Description
context
I'm looking to get the original token positions of keyterms when performing keyterm extraction with e.g. TextRank, but this can apply to the other extractors. Example:
>>> doc = nlp("I survived because the fire inside me burned brighter than the fire around me.")
>>> textrank(doc, return_positions=True)
[("fire", 0.1, 4, 4)]
This would provide a mapping back to the original spaCy doc
that can be used to find the keyterm regardless of how it was normalized during keyterm extraction.
proposed solution
The main solution I envision would be to add a new keyword argument to the extractors such as return_positions
(defaulting to False
to not break existing workflows) that would add the original token indices in addition to the term as a string and its score. Since textaCy can access the Token
positions while considering candidate terms (before they're normalized to strings), it would be a matter of passing these indices along when returning the set of candidate tuples.
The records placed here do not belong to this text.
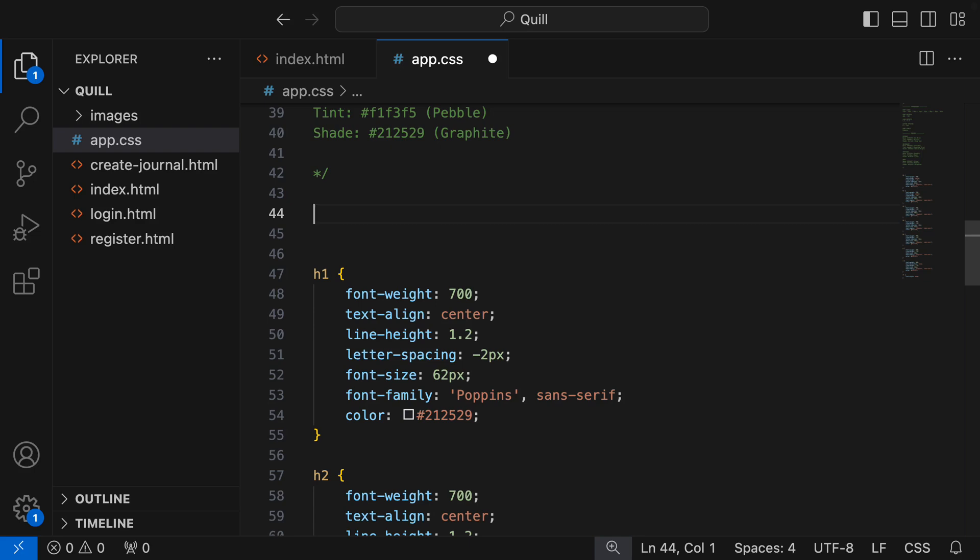So let's put into action what we learned about in the previous video and group our selectors that have shared styles and use the cascade to define unique styles. I'm inside our app.css of our Quill project.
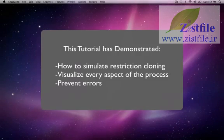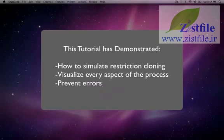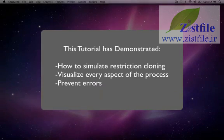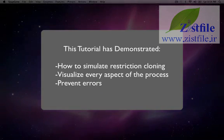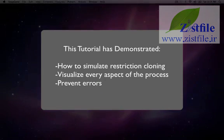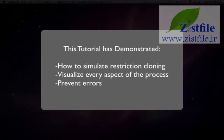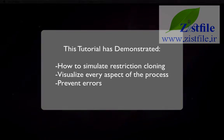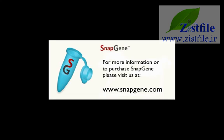This tutorial has illustrated how SnapGene can simulate restriction cloning while helping you to visualize every aspect of the process, including error prevention. In these examples, I, as the researcher, knew what I wanted to do, and SnapGene helped me to get there quickly. But the restriction cloning controls are equally useful when you want to design a new cloning strategy. Thanks for your attention.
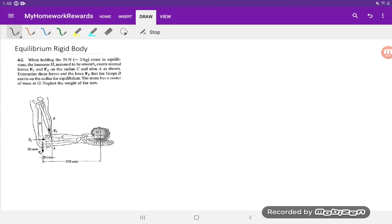Welcome to My Homework Rewards. Today we're going to solve question 4.2 from Statics and Mechanics of Materials, second edition by Hibbeler.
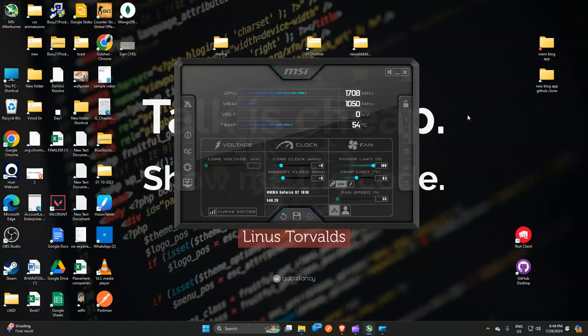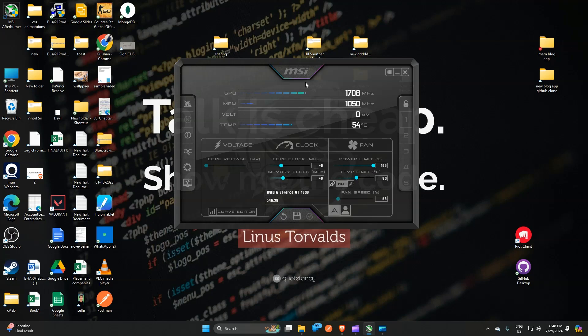Hello guys, welcome back to our YouTube channel. In today's video we will see how to reset MSI Afterburner. Without wasting your time, let's get started. When you open MSI Afterburner, you will see this is a MSI Afterburner dashboard.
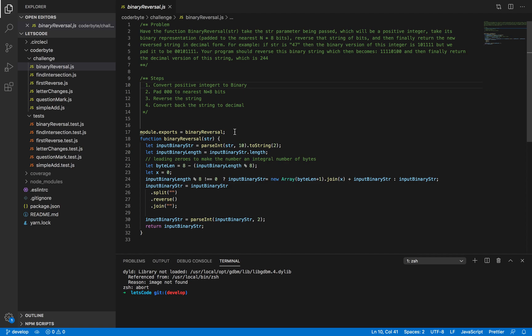We need to write a function named Binary Reversal that takes a string parameter which will be a positive integer. First, we need to convert that positive integer to binary and then pad to the nearest n×8 by adding leading zeros. Then reverse the binary. Once reversed, convert the binary back to decimal.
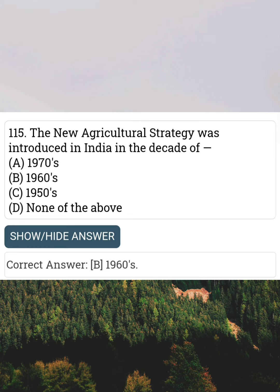The new agriculture strategy was introduced in India in the decade of Answer B: 1960s.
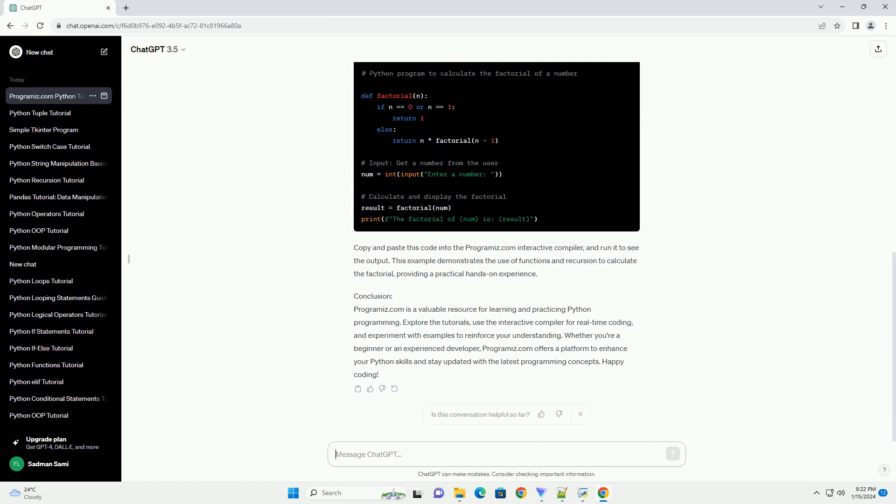Step 2: Exploring Python Tutorials. Programmize.com provides comprehensive Python tutorials covering topics from basic syntax to advanced concepts. Navigate to the Python programming section and explore the tutorials to build a solid foundation. Learn about variables, data types, control structures, functions, and more.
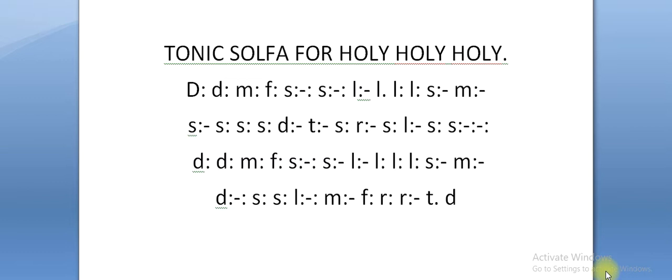Do do do me fa so so. I'll sing one more time: do do me fa so so so so so.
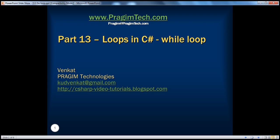Hello, welcome to Prajeem Technologies. I am Venkat. This is part 13, Loops in C-Sharp.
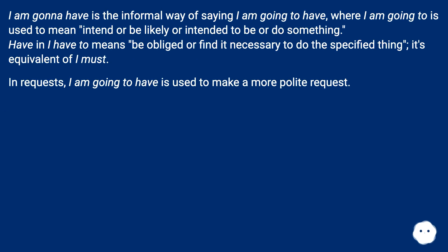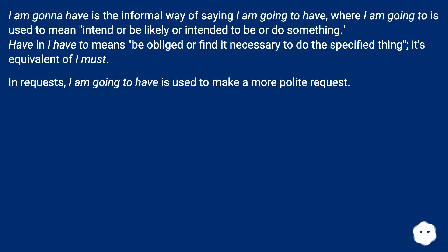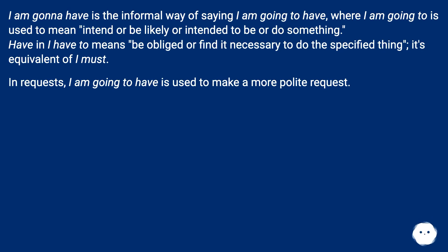I am gonna have is the informal way of saying I am going to have, where I am going to is used to mean intend or be likely or intended to be or do something. Have in I have to means be obliged or find it necessary to do the specified thing. It's equivalent of I must. In requests, I am going to have is used to make a more polite request.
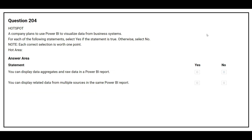Question number 204: A company plans to use Power BI to visualize data from business systems. For each of the following statements, select Yes if the statement is true, otherwise select No. The first statement is: you can display data aggregates and raw data in the Power BI report. The correct answer is Yes. The second statement is: you can display related data from multiple sources in the same Power BI report. The correct answer is Yes.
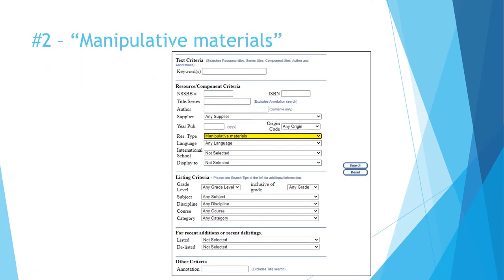Did you know the Book Bureau has more than just books? Under resource type, we can find many options including manipulative materials. Within this resource type, you can find a list of hands-on materials ranging from sand timers to robots.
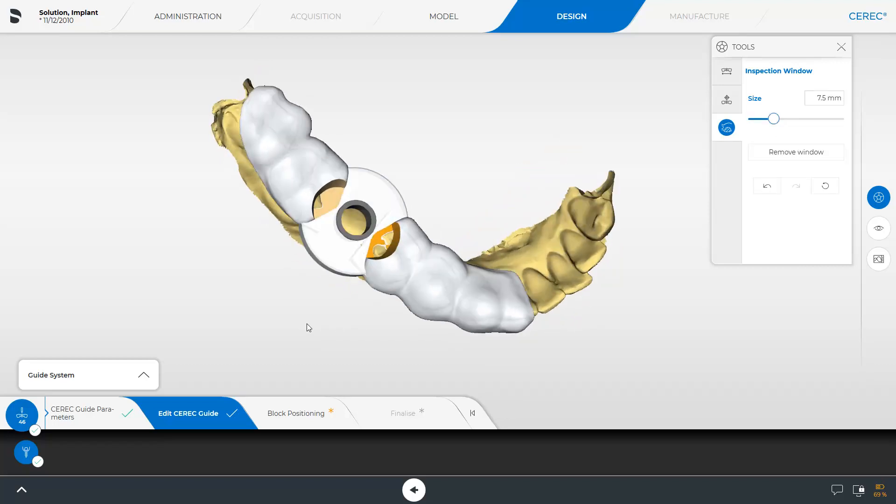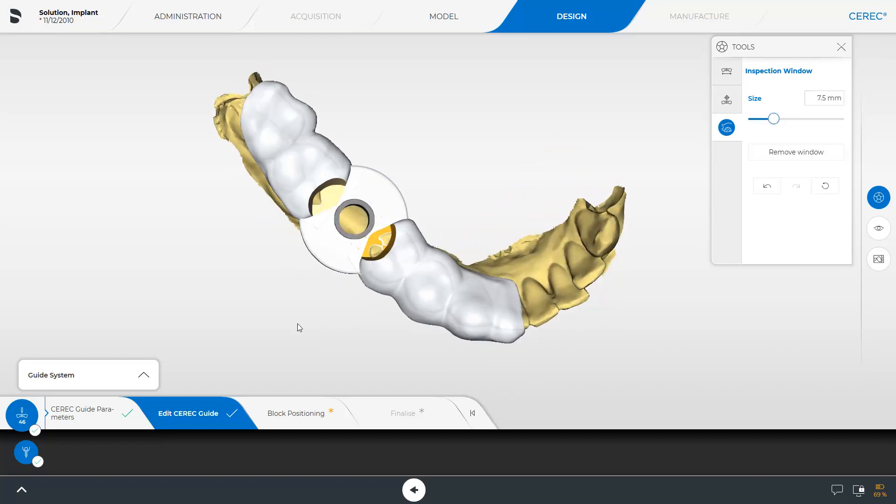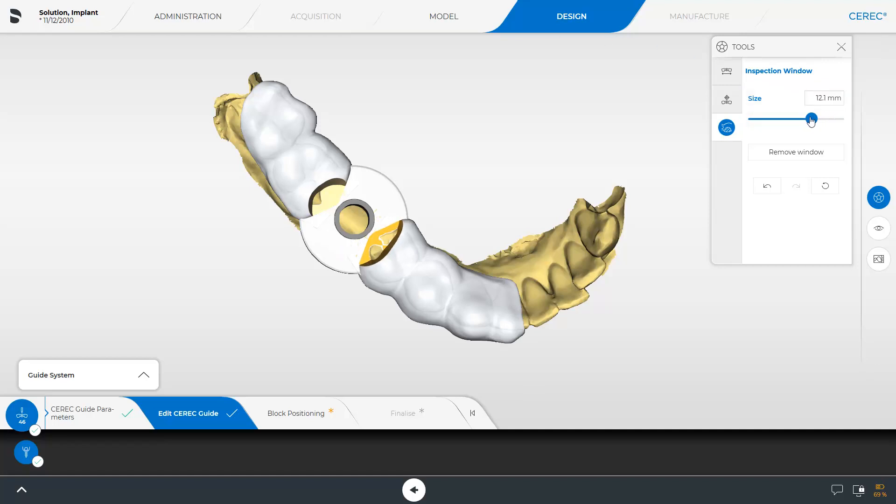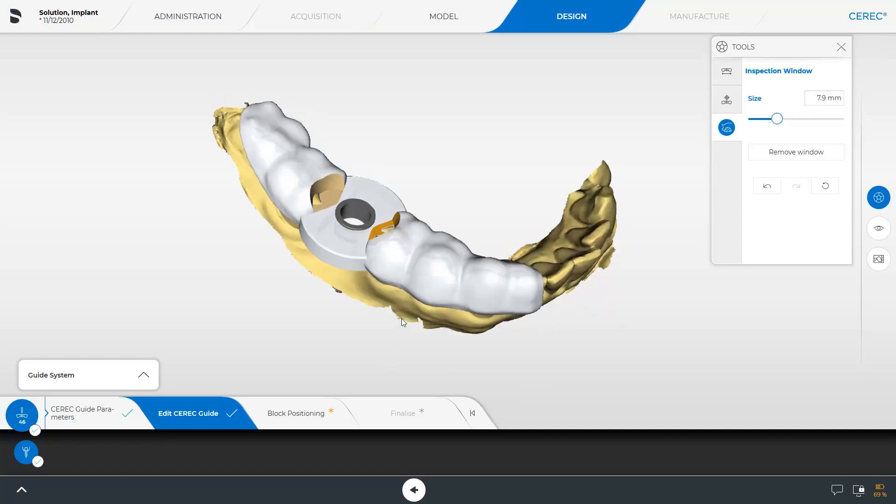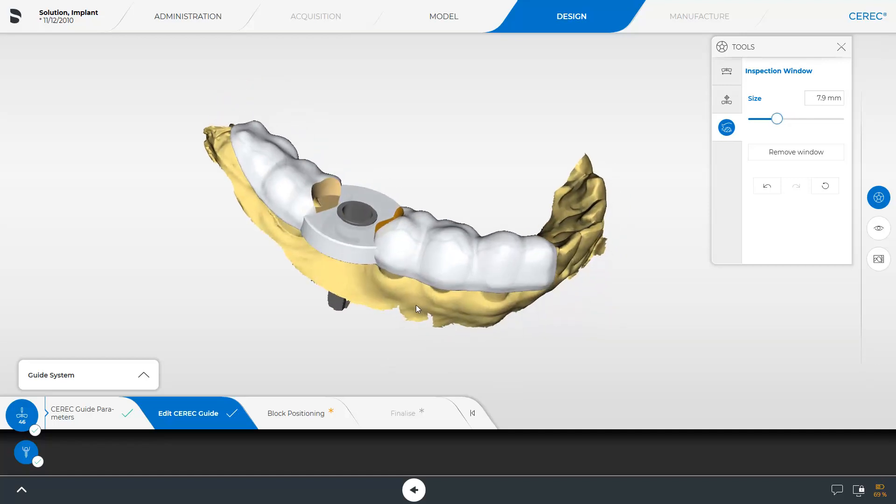This offers the additional advantage of improved sleeve positioning in narrow situations. The size of the inspection window can be adjusted with the slider. An additional window in the premolar area helps to verify the final seating of the surgical guide in the patient's mouth.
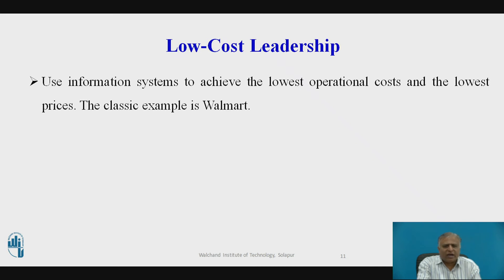The computer collects orders from all Walmart stores and transmits them to suppliers. Suppliers can also access Walmart sales and inventory data using web technology. Because the system replenishes inventory with lightning speed, Walmart does not need to spend money maintaining large inventories in its own warehouses. The system also enables Walmart to adjust purchases to meet customer demands. Walmart's continuous replenishment system is an example of an efficient customer response system, which directly links consumer behavior to distribution, production, and supply chains.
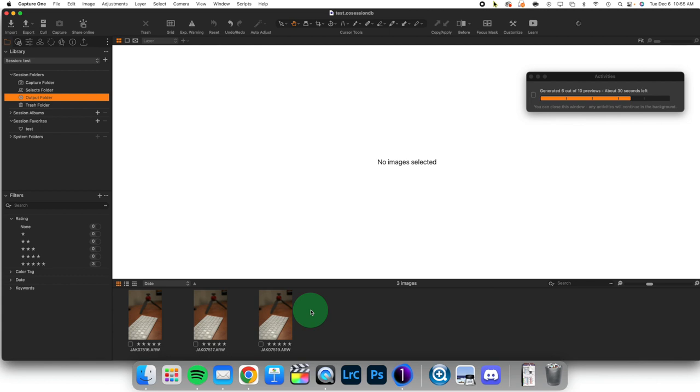Next time we're going to take a look at how to take images from a session and move them into a catalog. Thanks a lot and I'll see you next time.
The main issues with this approach would be that it would clutter the existing implementation with effectively two return types: the current List[Tuple[str, float]]
if return_positions
is False
, or List[Tuple[str, float, int, int]]
if True
. Any preprocessing functions (such as _get_candidates
for TextRank) would have to be modified to pass these indices along, and any code calling these functions now has to handle different return types.
alternative solutions?
One solution I considered (outside of the keyterm extraction functions) was to rescan the document for each keyterm, but that ultimately requires scanning through the Doc
an additional time, vs. textaCy already has the original token positions, allowing a client to immediately re-index into the Doc
.
I have some proof-of-concept code adding this feature for TextRank in a fork, and would be willing to extend this feature to the other extractors if this sounds like a useful idea!